# Human multivitamins used for mice



## Le Necrophagist (May 27, 2009)

Would it be okay to supplement a mouses diet every couple days with ground up multivitamin for humans? For awhile I have been feeding ground up oats, flax seed, and the multivitamin on top of their other food which is usually dog food, or a store bought mix. They seem to enjoy it and I've read a few articles regarding mice and some vitamins stating for a fact they increase the mouses quality of life.


----------



## Loganberry (Oct 24, 2008)

Rather than that, which might mean overdosing them, mix a little bit of cereal for humans, like cornflakes, in with their food. Our breakfast cereals are fortified with vits, but mice can't eat so much of it they OD.


----------



## Le Necrophagist (May 27, 2009)

You're right I could do that. In fact, after I run out of this mix I've already got I will get some cereal for them. They really enjoy the mix and seem more active after eating it.

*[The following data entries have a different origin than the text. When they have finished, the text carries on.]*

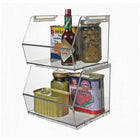 Azar - Petit bac de rangement empilable en plastique - Transparent - Paquet de 4-Ensemble de 4 pièces idéal pour coordonner l'organisation dans toute votre maison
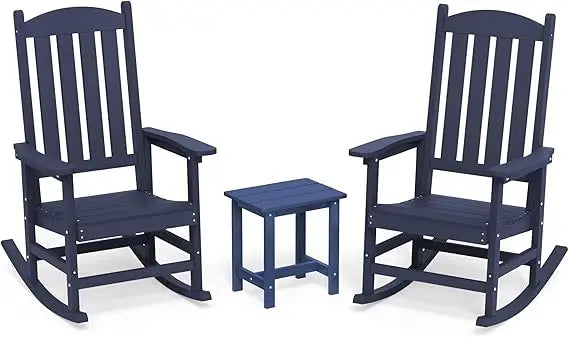Outdoor Rocking Chairs Set of 3, 2 Chairs & 1 Table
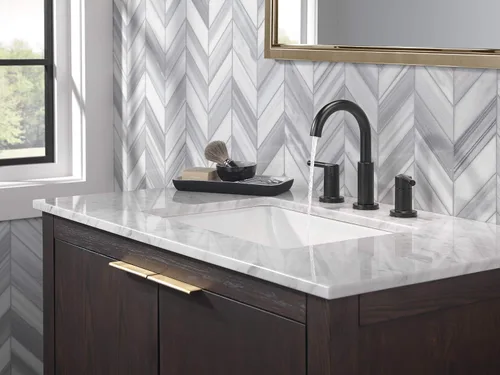 Miniatura 6 de Delta Faucet Nicoli - Grifo de baño de 3 agujeros, negro mate, 35749LF-BL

Thanks!


----------



## Loganberry (Oct 24, 2008)

PS Also, should have said before, just be careful of giving them cereal with too much sugar - try cornflakes and bran flakes, just a small amount added to their regular mix.


----------



## Le Necrophagist (May 27, 2009)

Loganberry said:


> PS Also, should have said before, just be careful of giving them cereal with too much sugar - try cornflakes and bran flakes, just a small amount added to their regular mix.


I already made plans to use sugarless cereal


----------